Isn’t this a little convenient? Whatever happens, Redfield & Wilton — not a firm with a well-established reputation in the US — will be able to throw up their hands and say “well, we projected a tie, so don’t blame us!”. And since all of these states are also close in the polling averages, they’ll also ensure that they won’t rank at the bottom of the table of the most and least accurate pollsters — although unless the race really is that close, and it probably won’t be, they also won’t rank toward the top.

Nate Silver is saying that there’s too little sampling error per the expected amount from the typical sample size (n = 800). Having too little between study variation is not normally found in meta-analyses in science, rather there’s too much. When there’s more variation between studies’ estimates than can be attributed to sampling error alone, it is wise to look for so-called moderators, that is, study-level properties that explain variation between studies e.g., type of measure used, year of publication, range restriction. Endless debates about results depend on these. Excess between study variation is also why random effects meta-analysis models are almost universally recommended by statisticians because they allow for a distribution of effect sizes rather than just a single value. All of this is based on there being too much between study variation (heterogeneity, usually quantified by I²). What about too little? This can happen if researchers are cheating by not publishing studies that didn’t find p < .05 (publication bias) or by reanalyzing them until they do (p-hacking). Specifically, the test of insufficient variance (TIVA) was developed by Ulrich Schimmack in 2014 and used on the studies by Bem, who published a set of 10 studies trying to show that people can know the future. Nate Silver is essentially applying the same method here:

However, there is another angle to this I haven’t seen mentioned so far: Bayesianism with an informative prior. Herding is usually explained in psychological terms. Pollsters are rated by their ability to forecast the eventual result of the election, how much their best guess deviated from the truth (the error). This rating is their lifeblood and is also used as weights in the various meta-analyses, or “poll of polls” as forecasters call them. How do you get a better rating? Well, you could sample more people, but that’s expensive. You could employ better sampling strategies, but that’s also expensive or maybe impossible (some people just refuse to talk to you). You could employ better analytic methods, basically various ways to account for who is likely to vote and trying to weight the sample to match the population of the state, given that participation in surveys is not random (volunteer bias) and people may be coy/shy about their intentions. Another method is to just not publish results that deviate a lot from the average and thus are likely to be wrong. This would waste your money spent, but improve your pollster rating. Finally, you could adjust your results to be closer to the average of recent polls, making it more likely to be correct. If everybody does this, it will then appear as if the overall estimate is extremely precise, whereas it is not really, just that the real sampling error has been sneakily reduced. This messes up the meta-analyses, and makes Nate Silver unhappy.

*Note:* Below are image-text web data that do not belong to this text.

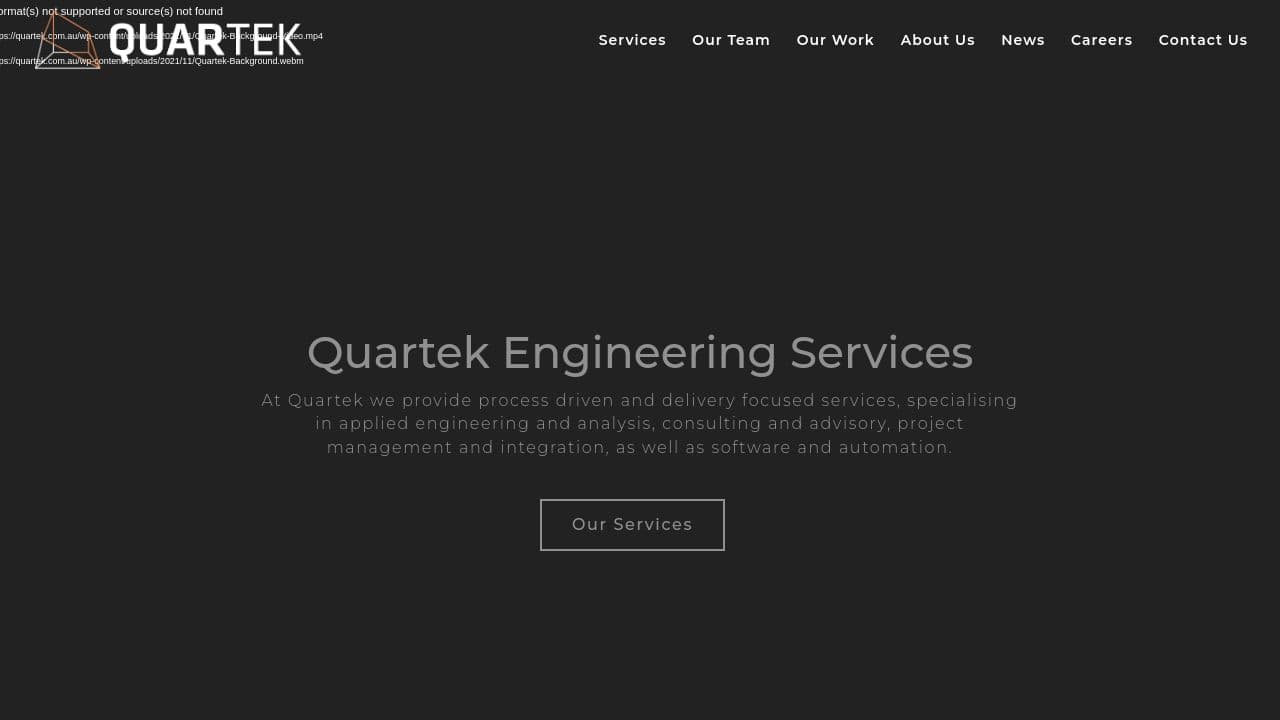 Quartek website screenshot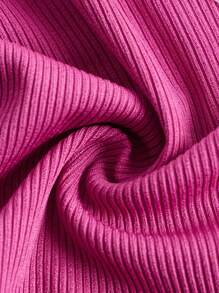 SHEIN ICON Plus Top-stitching Notched Neck Crop Tee - Hot Pink - View 5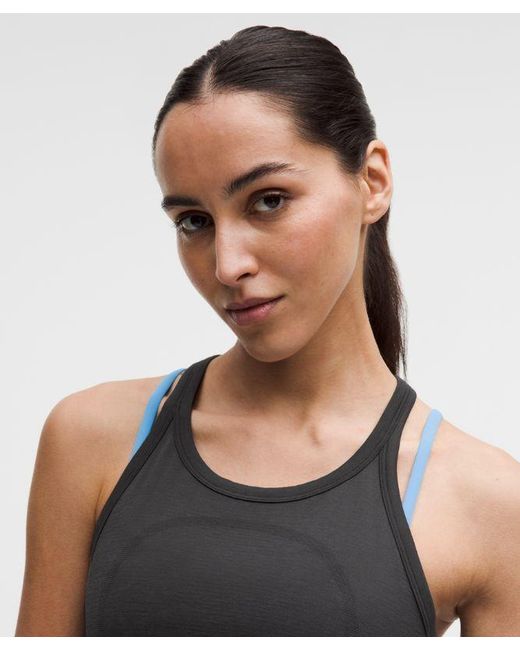 lululemon athletica Black – Swiftly Tech Round-Neck Racerback Tank Top 2.4 Waist Length – – Size 4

However, there is another way to look at this. If you are a pollster, and you want to present readers with the current best estimate for some state based on your latest data plus the previous data, you would actually be wise to adjust your new results towards the mean. This is the bread and butter of Bayesianism. The results from the earlier studies form the prior, your new poll adds some evidence, and you end up with a mix which is your result. From this perspective, the pollsters are being good Bayesians but are being punished for it (Silver says their method down ranks pollsters that have insufficient variance). I guess this kind of forbidden rate base is not what Phil Tetlock had in mind, but it kinda fits. Here’s an example based on a situation of 5 prior polls of n = 1000 which average about 50% (the prior), and one new outlier poll near 57% (the evidence), as well as the new best estimate (the posterior).

The solution is simple, at least in theory. Pollsters can publish two sets of results per poll. Their best estimate for a given poll for popular consumption (Bayesian), and the raw estimate for meta-analysis (frequentist, or Bayes with uninformative prior, same thing). The problem is that in so far as herding is done to optimize their pollster rankings, they can’t release both as Nate Silver and others would down rank them if their raw estimates are bad. So instead they will have to keep doing Bayes behind the scenes to everybody’s detriment.